Code shown during a speech in Las Vegas by SCO chief executive Darl McBride to demonstrate how SCO intellectual property has found its way in Linux is nothing but fist-pounding, according to the latest attack on SCO's tactics. Moreover, SCO's legal argument is attacked for containing an inherent contradiction.
The latest debunking of SCO's claims comes from Eben Moglen, professor of law at Columbia University Law School. Moglen, who is also general counsel of the Free Software Foundation, which developed the GNU General Public Licence under which Linux and much other open-source software is made available, accuses SCO of being a "shyster".
"There's a traditional definition of a shyster," says Moglen in his paper SCO: Without Fear and Without Research. "A lawyer who, when the law is against him, pounds on the facts; when the facts are against him, pounds on the law; and when both the facts and the law are against him, pounds on the table."
According to Moglen's analysis, the SCO Group, by attempting "to increase its market value at the expense of free software developers, distributors and users through outlandish legal theories and unsubstantiated factual claims" has simply shown that the old saying hasn't lost its relevance.
McBride's presentation, delivered in Las Vegas on 18 August, suffered from a lack of research, according to Moglen, who says that the examples actually demonstrated that SCO's factual claims "were irresponsibly inflated".
Two examples showed code from Linux that was said to have been copied from SysV Unix. But Moglen contends that this code is not only the original work of Linux developer Jay Schulist, but that it was originally part of BSD Unix. Because it was copied, perfectly legally, into SCO's SysV Unix from BSD, says Moglen, the code in Linux and in SysV Unix have a common ancestry -- so SCO's "pattern-matching" search of the two code bases turned up an apparent example of copying. "SCO didn't do enough research to realise that the work they were claiming was infringed wasn't their own," he says.
A second example, says Moglen, relied on the same method of pattern matching "without ascertaining the actual history and copyright status of the work as to which it claimed ownership and infringement." Moglen contends that the C code that was shown was first incorporated in Unix Version 3, and was written in 1973. Although AT&T later claimed this code as its own, the company lost that claim because it had published the code without a copyright notice. The code was therefore in the public domain, says Moglen. "In 2002," he continues, "SCO's predecessor Caldera released this code again under a licence that permitted free copying and redistribution." Thus, says Moglen, SCO's second example was of code that in the public domain to begin with.

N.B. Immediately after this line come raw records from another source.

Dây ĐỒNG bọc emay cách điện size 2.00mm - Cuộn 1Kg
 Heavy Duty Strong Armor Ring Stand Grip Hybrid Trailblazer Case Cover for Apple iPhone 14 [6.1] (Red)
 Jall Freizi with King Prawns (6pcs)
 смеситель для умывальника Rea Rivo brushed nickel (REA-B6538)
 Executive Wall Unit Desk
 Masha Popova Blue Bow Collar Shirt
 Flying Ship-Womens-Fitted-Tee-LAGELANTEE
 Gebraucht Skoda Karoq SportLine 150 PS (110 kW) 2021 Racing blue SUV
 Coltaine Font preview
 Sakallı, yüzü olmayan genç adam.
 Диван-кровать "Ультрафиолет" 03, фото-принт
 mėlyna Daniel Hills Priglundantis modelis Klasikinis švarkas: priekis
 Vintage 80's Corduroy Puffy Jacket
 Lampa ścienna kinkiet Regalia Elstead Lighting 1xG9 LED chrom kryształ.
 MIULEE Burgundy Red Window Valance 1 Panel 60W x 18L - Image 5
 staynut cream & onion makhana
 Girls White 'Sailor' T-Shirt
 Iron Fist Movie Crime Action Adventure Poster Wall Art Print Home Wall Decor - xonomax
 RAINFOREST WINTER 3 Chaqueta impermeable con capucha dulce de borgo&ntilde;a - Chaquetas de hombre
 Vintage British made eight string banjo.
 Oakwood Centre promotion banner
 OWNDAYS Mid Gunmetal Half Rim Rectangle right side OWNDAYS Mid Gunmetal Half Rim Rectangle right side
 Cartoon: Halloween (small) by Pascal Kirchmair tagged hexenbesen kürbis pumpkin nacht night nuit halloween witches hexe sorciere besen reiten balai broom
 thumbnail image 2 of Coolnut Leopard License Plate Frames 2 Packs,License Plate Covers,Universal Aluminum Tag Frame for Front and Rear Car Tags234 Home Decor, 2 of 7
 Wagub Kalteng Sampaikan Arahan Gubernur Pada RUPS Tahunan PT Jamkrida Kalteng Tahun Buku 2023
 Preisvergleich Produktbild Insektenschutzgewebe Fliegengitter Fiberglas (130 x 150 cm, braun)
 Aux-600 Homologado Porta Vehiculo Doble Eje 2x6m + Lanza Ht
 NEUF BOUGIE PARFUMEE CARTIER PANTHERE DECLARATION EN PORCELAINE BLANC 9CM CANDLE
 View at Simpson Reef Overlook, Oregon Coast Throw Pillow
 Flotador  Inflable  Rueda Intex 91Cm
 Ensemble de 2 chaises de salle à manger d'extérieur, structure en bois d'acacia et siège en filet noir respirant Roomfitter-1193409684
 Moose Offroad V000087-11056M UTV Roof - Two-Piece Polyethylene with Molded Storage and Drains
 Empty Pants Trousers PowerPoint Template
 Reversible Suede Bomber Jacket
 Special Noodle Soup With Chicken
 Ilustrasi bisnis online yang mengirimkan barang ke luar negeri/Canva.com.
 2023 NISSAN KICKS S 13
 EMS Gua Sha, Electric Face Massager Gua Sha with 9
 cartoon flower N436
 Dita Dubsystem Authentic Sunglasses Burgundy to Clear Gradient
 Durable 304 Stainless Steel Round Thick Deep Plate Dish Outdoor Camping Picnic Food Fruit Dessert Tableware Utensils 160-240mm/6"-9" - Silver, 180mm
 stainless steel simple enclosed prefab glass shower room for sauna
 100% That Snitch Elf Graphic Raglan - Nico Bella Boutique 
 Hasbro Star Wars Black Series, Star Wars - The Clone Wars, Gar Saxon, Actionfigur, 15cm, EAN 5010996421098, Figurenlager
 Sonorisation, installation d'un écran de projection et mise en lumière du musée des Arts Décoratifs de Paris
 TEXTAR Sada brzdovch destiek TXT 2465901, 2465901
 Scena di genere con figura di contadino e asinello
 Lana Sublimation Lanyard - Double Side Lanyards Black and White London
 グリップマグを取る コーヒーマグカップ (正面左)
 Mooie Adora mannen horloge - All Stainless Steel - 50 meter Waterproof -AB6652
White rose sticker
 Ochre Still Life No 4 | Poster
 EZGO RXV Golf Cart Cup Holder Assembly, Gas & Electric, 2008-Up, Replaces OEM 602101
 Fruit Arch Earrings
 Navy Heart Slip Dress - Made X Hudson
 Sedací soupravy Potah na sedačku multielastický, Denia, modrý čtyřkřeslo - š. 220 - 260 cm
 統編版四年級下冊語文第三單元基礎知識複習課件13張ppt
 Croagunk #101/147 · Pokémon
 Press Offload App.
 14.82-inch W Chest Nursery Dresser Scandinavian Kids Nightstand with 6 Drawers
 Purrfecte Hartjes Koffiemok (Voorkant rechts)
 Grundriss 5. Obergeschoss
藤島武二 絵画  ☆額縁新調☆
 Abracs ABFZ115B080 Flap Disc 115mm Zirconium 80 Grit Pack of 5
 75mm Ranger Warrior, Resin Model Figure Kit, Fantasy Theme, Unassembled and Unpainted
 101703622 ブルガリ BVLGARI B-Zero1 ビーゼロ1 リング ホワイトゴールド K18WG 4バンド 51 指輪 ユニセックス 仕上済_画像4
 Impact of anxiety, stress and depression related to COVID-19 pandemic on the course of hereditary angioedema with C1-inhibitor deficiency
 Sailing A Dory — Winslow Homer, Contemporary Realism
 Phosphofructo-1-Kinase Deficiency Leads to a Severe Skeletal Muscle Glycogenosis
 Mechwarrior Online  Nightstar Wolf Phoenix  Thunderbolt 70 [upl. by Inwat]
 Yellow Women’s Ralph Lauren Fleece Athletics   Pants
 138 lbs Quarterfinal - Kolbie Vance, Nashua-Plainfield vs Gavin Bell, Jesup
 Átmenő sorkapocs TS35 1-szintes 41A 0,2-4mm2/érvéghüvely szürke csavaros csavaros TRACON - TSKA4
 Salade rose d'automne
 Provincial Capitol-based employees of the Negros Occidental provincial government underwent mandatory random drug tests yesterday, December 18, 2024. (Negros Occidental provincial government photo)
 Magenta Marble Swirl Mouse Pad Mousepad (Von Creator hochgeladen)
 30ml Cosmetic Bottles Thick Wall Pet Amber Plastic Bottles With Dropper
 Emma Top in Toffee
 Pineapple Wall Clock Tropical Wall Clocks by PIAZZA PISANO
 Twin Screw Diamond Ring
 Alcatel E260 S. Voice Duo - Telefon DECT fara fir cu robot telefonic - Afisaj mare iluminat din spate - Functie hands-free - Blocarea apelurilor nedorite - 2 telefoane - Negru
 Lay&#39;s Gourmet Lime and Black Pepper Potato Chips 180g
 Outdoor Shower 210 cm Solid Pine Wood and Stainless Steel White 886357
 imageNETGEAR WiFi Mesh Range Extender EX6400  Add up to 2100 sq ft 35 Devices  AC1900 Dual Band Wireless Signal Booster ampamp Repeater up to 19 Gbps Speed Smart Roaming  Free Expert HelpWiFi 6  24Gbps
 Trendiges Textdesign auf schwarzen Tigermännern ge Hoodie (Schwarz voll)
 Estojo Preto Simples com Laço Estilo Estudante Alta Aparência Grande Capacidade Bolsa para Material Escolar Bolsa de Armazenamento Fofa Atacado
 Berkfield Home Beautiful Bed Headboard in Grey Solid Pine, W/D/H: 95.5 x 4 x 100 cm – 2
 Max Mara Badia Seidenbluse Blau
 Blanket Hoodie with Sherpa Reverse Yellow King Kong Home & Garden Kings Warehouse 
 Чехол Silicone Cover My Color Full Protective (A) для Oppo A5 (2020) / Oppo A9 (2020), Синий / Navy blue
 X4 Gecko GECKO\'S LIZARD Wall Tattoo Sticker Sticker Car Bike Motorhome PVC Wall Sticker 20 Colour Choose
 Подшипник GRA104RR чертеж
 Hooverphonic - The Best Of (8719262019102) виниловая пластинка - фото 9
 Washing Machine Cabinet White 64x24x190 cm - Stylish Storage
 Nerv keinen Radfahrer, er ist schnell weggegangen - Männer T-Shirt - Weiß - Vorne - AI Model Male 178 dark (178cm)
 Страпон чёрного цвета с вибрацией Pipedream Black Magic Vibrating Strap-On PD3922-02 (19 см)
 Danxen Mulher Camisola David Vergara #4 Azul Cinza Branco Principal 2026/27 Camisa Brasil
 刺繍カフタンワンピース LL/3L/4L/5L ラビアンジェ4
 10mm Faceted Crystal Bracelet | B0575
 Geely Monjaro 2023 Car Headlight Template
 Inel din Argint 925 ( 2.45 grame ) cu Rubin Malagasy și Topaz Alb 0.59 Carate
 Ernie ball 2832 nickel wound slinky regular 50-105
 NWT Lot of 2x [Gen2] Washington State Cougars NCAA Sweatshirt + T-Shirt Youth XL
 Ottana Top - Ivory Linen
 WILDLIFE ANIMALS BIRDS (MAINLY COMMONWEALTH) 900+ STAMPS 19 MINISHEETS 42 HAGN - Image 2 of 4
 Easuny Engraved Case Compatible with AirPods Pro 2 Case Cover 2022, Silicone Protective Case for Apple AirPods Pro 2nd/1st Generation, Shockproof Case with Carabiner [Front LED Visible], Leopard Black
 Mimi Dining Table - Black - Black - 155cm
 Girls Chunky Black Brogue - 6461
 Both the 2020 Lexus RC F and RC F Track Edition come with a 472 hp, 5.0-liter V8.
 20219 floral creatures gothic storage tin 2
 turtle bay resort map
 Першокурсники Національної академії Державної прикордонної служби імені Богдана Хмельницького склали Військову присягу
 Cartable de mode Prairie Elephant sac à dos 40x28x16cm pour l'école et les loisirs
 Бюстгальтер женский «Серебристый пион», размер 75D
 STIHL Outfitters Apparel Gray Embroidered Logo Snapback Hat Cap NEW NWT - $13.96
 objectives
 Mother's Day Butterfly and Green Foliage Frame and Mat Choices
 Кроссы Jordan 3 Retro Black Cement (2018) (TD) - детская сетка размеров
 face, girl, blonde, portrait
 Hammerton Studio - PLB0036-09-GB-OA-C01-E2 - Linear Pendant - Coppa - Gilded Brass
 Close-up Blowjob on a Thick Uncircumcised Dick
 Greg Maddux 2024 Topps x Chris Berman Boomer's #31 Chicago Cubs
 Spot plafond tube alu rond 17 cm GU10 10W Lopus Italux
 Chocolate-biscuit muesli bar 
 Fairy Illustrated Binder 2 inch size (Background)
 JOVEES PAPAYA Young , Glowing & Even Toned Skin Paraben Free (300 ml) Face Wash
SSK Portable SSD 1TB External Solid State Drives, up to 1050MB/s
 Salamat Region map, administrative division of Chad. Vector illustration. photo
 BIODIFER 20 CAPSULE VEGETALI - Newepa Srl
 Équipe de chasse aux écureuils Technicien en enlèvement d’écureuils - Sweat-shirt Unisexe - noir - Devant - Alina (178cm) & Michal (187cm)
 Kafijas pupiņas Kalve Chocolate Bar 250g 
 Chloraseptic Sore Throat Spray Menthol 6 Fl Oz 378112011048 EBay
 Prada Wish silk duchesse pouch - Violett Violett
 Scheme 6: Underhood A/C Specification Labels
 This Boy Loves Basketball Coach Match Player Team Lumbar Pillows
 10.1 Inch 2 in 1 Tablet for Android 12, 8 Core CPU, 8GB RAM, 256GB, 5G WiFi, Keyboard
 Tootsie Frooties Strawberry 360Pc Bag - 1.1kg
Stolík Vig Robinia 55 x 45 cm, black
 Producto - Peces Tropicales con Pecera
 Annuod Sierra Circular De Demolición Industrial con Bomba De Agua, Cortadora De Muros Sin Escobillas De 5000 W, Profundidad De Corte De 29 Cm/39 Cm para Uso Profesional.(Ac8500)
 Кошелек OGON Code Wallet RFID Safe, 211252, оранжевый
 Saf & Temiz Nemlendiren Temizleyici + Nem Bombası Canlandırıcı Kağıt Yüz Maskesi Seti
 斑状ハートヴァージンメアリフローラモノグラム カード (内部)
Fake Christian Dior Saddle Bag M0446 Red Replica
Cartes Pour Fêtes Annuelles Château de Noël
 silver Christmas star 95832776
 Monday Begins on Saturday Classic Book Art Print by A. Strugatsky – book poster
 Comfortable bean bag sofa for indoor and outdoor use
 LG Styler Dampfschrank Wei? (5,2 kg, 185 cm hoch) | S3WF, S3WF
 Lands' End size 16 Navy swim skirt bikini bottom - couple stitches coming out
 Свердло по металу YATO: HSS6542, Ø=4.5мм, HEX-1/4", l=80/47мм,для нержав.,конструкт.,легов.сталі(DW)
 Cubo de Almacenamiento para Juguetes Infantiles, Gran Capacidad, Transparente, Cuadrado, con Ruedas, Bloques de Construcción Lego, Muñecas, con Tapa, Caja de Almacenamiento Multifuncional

"With the facts running against them even when the facts were of their own choosing, it was unsurprising that after August SCO turned to the law," says Moglen, adding that the law is not on SCO's side either.
Moglen points out that SCO's legal situation contains an inherent contradiction. The problem, he says, lies on the one hand in SCO's demands that Linux users buy licences and on the other hand that it has brought trade secret claims against IBM. Because SCO continues to distribute Linux under the GPL, says Moglen, "it has therefore published its supposed trade secrets and copyrighted material, under a licence that gives everyone permission to copy, modify, and redistribute. If the GPL means what it says, SCO loses its trade secret lawsuit against IBM, and cannot carry out its threats against users of the Linux kernel."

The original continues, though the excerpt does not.